All lines from the one containing "凤凰卫视记者名单_凤凰卫视 风云对话 傅晓田" through the final line of the records below should be reproduced exactly, with the pictures left out.

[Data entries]
+--

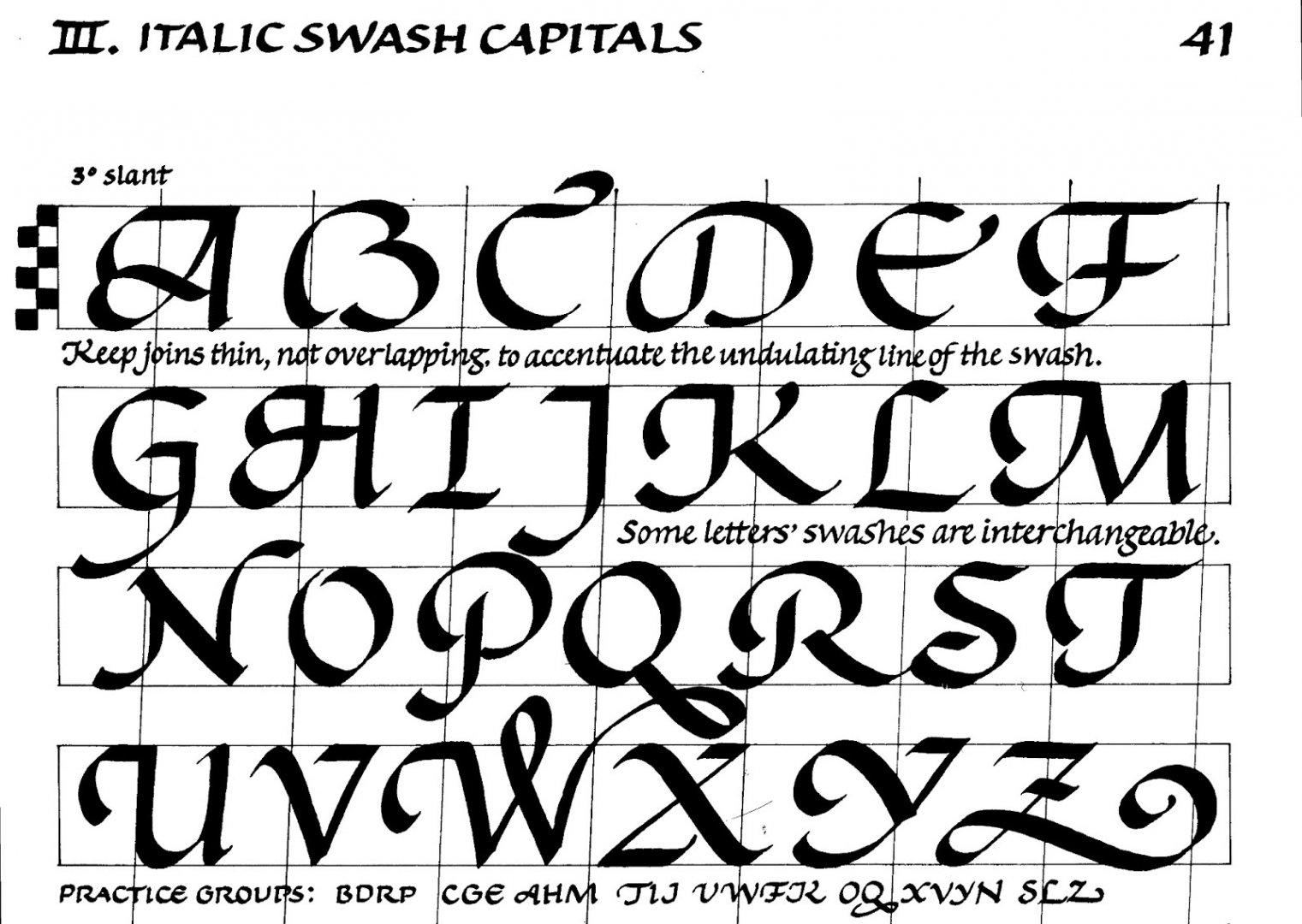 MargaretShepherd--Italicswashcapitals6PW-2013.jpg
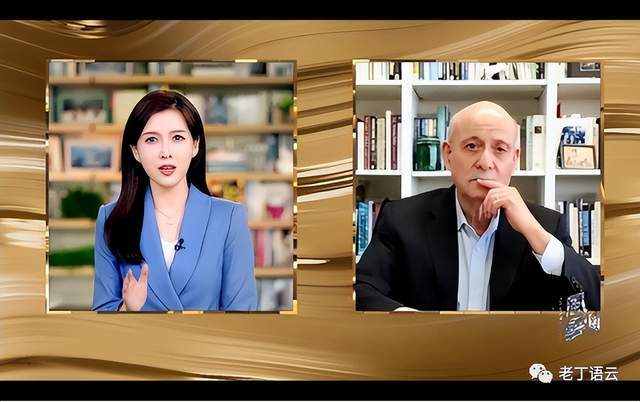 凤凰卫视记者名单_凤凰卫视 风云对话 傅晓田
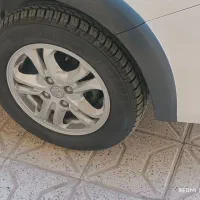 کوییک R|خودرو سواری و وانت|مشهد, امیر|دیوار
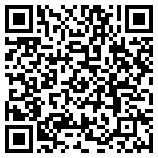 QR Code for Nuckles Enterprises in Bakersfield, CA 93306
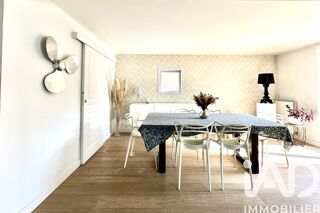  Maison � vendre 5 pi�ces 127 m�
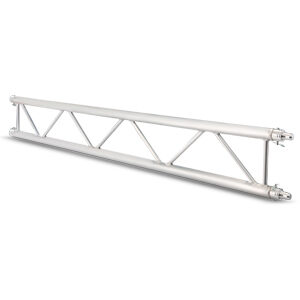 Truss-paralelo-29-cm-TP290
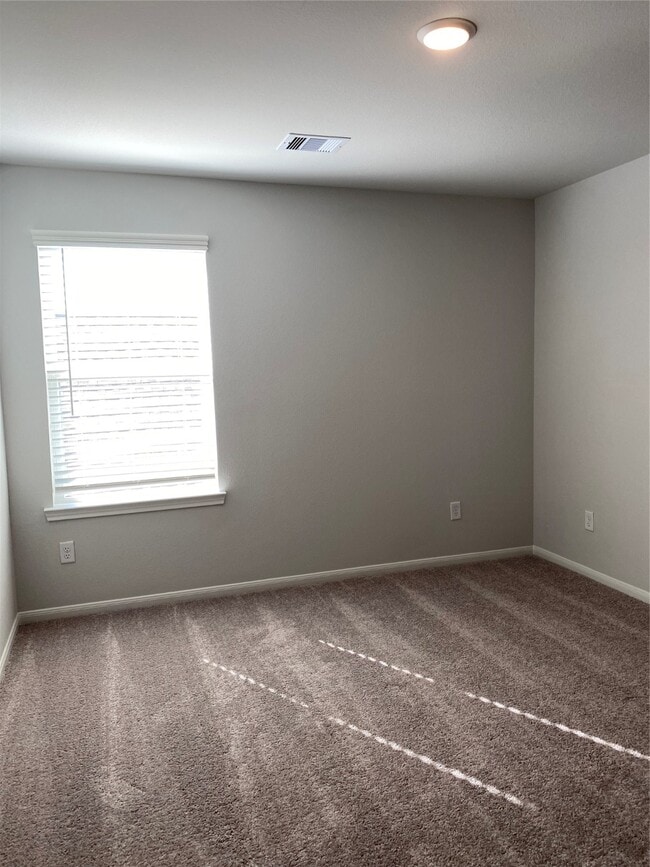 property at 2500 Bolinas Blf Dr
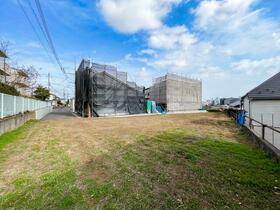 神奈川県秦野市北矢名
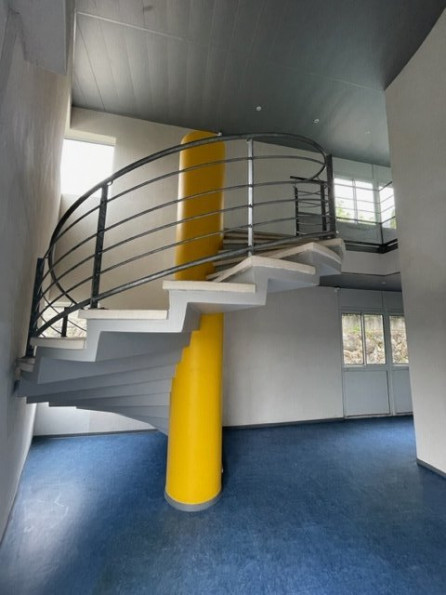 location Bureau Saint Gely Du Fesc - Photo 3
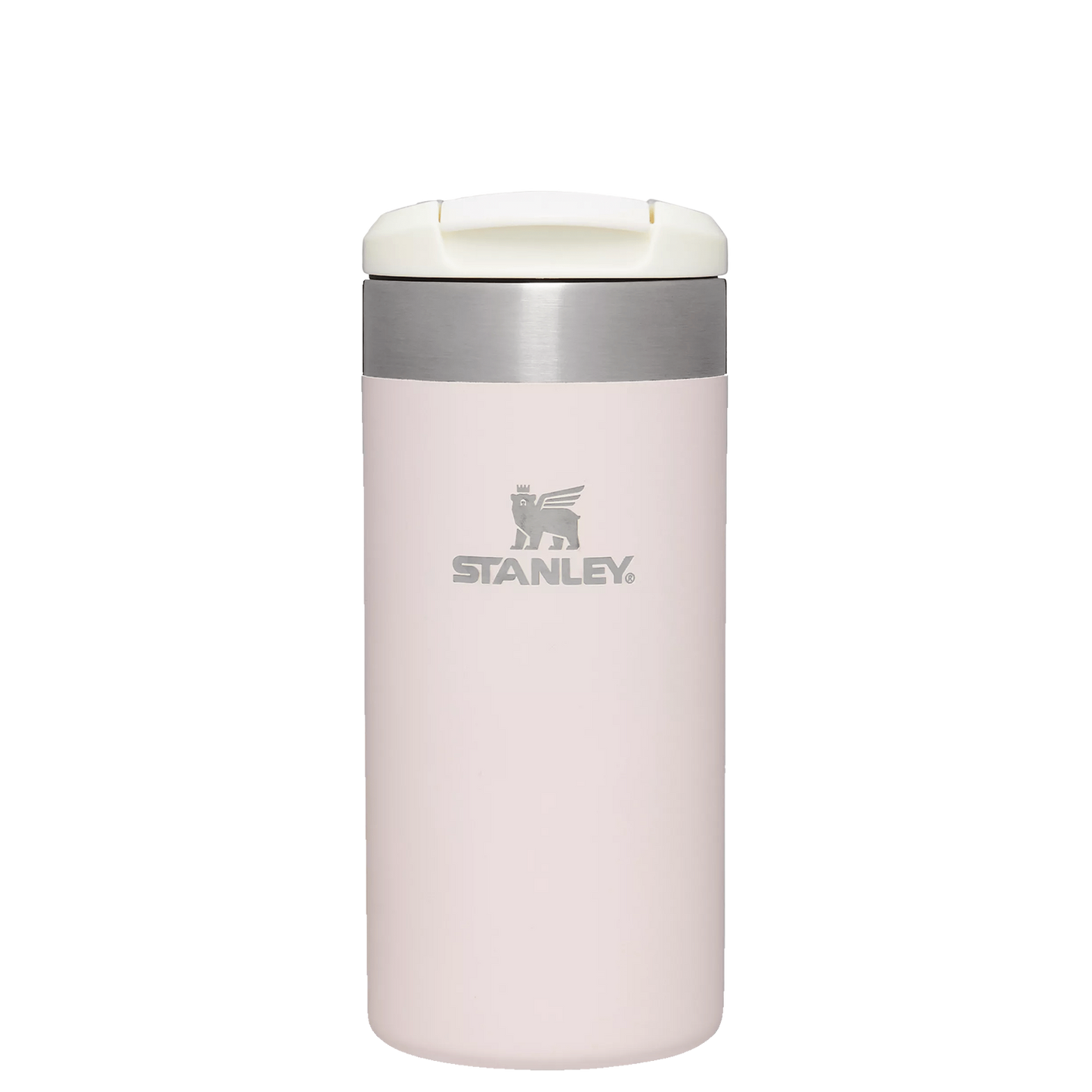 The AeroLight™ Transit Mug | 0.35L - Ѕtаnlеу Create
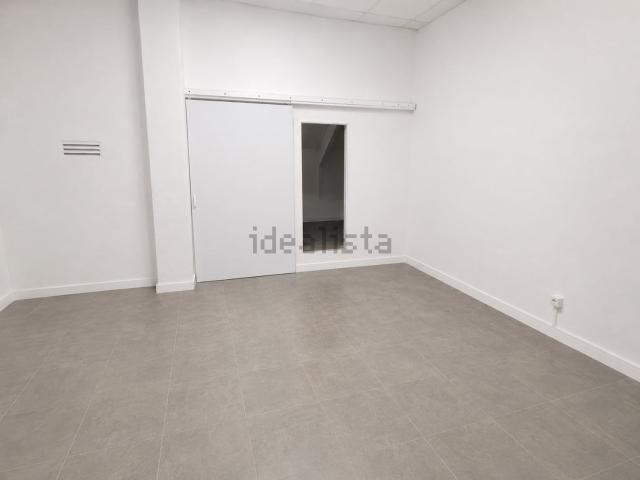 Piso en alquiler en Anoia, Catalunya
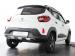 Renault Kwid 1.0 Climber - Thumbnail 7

+--

# [WRITTEN ANSWER]
 凤凰卫视记者名单_凤凰卫视 风云对话 傅晓田
 کوییک R|خودرو سواری و وانت|مشهد, امیر|دیوار
 QR Code for Nuckles Enterprises in Bakersfield, CA 93306
  Maison � vendre 5 pi�ces 127 m�
 Truss-paralelo-29-cm-TP290
 property at 2500 Bolinas Blf Dr
 神奈川県秦野市北矢名
 location Bureau Saint Gely Du Fesc - Photo 3
 The AeroLight™ Transit Mug | 0.35L - Ѕtаnlеу Create
 Piso en alquiler en Anoia, Catalunya
 Renault Kwid 1.0 Climber - Thumbnail 7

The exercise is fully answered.